The company has identified a safer form of asparaginase, an enzyme used in chemotherapy. The enzyme breaks down an amino acid called asparagine. Unlike healthy cells, certain cancer cells can’t produce asparagine by themselves and need to take it from the blood. Asparaginase-based chemotherapies deplete levels of asparagine in the blood, causing cancer cells to die. But currently used asparaginases often cause severe side effects, including in some rare instances, death.
“Current asparaginase chemotherapies can have toxic side effects because they are derived from bacterial sources and retain bacterial markers that the body recognizes as foreign and which the immune system attacks. The drugs can also impact the liver and pancreas and cause blood clotting, which in rare instances can be fatal,” said Arnon Lavie, president and CEO of Enzyme by Design and professor of biochemistry and molecular genetics in the UIC College of Medicine. “The drug works really well to kill cancer cells, but we need a variant without these dangerous side effects. Our version of this enzyme is based on the mammalian gene for asparaginase and lacks the side activity and is predicted to be less toxic but as effective.”
The Enzyme by Design asparaginase comes from guinea pigs and was identified by Amanda Schalk, research assistant professor in biochemistry and molecular genetics at UIC.
“We purified and characterized asparaginase candidates from different sources and found that one particular enzyme found in guinea pigs had the necessary properties for a therapeutic. We used our protein engineering expertise to further make it more human-like without compromising its tumor cell-killing ability,” said Schalk, who also is chief operating officer of Enzyme by Design. “Compared to current FDA-approved drugs of this type, our new therapeutic has shown almost no toxic side effects in mice, it effectively depletes asparagine in their blood, and it is able to kill acute lymphoblastic leukemia cells, which are responsible for the most common form of childhood cancer.”
Hien Anh Nguyen, a research assistant professor in Lavie’s lab at UIC and chief scientific officer of Enzyme by Design, tested the guinea pig enzyme in vitro on human cancer cells and in mice that were injected with human leukemia cells. In both models, the enzyme successfully depleted asparagine and killed the cancer cells. Studies conducted at UIC’s toxicology research laboratory revealed no major signs of toxicity in mice given the asparaginase.
Enzyme by Design has secured approximately $1 million in funding from several sources, including two UIC Chancellor’s Innovation Fund grants, a Chicago Biomedical Consortium grant and two National Institutes of Health small business grants. Enzyme by Design also was recently chosen as the winner of the biopharma category by MedCity INVEST — a health care investor’s conference where developers could make a pitch.

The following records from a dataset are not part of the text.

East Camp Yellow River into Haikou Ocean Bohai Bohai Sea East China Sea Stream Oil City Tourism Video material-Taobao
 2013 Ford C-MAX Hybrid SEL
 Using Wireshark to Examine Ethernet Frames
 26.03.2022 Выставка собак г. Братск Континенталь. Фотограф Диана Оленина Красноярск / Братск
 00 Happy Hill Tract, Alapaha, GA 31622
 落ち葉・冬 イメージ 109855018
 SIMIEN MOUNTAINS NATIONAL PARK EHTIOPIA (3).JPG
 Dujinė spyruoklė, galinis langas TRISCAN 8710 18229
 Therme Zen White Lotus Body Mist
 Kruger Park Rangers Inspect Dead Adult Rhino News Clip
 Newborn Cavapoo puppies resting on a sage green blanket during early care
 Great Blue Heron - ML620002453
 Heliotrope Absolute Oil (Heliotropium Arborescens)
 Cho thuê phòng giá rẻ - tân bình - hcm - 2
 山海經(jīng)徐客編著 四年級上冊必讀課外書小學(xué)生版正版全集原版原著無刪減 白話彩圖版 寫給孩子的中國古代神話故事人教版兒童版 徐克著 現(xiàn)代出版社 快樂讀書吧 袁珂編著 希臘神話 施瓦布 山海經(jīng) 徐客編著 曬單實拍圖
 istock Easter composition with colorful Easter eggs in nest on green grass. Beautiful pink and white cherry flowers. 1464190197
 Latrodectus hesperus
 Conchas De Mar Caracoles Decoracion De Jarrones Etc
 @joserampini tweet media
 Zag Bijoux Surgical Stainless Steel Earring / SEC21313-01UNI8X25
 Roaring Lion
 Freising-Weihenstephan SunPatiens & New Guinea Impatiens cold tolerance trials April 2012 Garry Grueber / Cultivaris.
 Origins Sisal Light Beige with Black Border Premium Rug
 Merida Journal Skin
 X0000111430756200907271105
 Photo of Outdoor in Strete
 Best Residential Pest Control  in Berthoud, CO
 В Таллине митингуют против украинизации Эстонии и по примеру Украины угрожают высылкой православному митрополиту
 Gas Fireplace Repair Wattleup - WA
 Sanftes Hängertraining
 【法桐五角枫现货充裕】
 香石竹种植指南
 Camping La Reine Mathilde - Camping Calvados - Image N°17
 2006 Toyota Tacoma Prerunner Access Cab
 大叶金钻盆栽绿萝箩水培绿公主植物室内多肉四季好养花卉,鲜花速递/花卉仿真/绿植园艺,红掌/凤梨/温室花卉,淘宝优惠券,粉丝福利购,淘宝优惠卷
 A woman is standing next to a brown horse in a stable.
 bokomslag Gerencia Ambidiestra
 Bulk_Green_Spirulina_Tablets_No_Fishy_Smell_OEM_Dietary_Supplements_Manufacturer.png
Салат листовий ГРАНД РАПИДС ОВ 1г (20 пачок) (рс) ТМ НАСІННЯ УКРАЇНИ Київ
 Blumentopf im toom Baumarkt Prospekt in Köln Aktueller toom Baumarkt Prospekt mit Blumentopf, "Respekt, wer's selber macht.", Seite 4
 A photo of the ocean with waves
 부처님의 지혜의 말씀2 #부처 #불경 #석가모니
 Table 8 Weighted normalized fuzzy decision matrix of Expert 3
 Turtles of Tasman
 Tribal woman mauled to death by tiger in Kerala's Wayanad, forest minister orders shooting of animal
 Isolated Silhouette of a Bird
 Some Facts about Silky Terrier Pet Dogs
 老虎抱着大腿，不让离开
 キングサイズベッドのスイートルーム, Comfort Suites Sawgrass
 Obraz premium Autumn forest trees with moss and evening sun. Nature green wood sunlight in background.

“Getting our discovery out into the world where it has a chance to help patients is very important to me,” Lavie said. “Without the funding to take our translational discovery out into the real world, it would just sit on a shelf helping nobody. We are so grateful to UIC for the opportunities they have given us, especially the Office of Technology Management, to support the commercialization of our asparaginase.”
Adapted (with modifications) from the UIC today, by Sharon Parmet, published on June 17, 2019.